1. Field of the Invention
This invention relates to a touch panel, more particularly, to a touch panel in which the contact conductive layer is substituted with phototransparent organic conductive films to give conductivity per se, thus not requiring the coating process of the conductive layer and resolving problems of crack bacause of the conductive layer.
2. Description of the Related Art
A touch input system, including a touch panel which determines the position of an object which is in contact with a contact surface, has been used variously in the fields of computer graphics, and design and manufacturing systems using computers. The touch system denotes a system consisting of a digitizer which responds to a touch on a specific position of a contact surface, and can be driven by touching with the finger of an operator because of a transparent covering layer on a conductive surface.

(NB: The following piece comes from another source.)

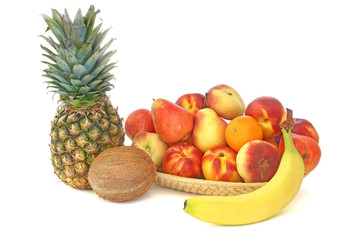 Tropical fruit in a wicker plate isolated on white background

The driving principle of a touch panel in the touch panel system is as follows:
A contact surface of a touch panel has equal specific electrical resistance and is connected to an electrode made of a material of which conductivity is greater than that of the contact surface. This touch input system consists of a means which applies an electrical potential across a contact surface in the direction 2 or the direction vertical to the direction 1 after an electrical potential across a contact surface in the direction 1 is applied. Consequently, if the contact is touched by the finger of an operator or an object such as a touch pen, an electrical potential of the touched position is measured which corresponds to a distance between positions of objects on contact surface as well as the distance between an electrode and an object. The system consists of means not only providing x-y coordinates but also determining and providing z axis value on the basis of parameters of pressure or position. Dot space plays the role of wrapper for double film and dot space tip in the dot spaces damages conductive layer (2') easily by being applied on the conductive layer (2') heavily to induce crack of the conductive layer, which is caused by the formation of the wrapper and the sharpness of a tip. Therefore, by blunting the formation of the wrapper and the sharpness of the tip using adhesive as a cushion, some problems of crack are solved, but there still remain problems that the blunt space tip is difficult to make and there are no essential countermeasures for crack on the conductive layer. To solve the problems, the structure of the touch panel double film in FIGS. 1 and 2 is used. The structure consists of the conductive layers formed on the upper part of the base substrate and on the lower part of the double film which are separated by insulated dot space (3), and the lower film coated with the upper film (5') on both sides thereof, and the hardcoating layer thereon.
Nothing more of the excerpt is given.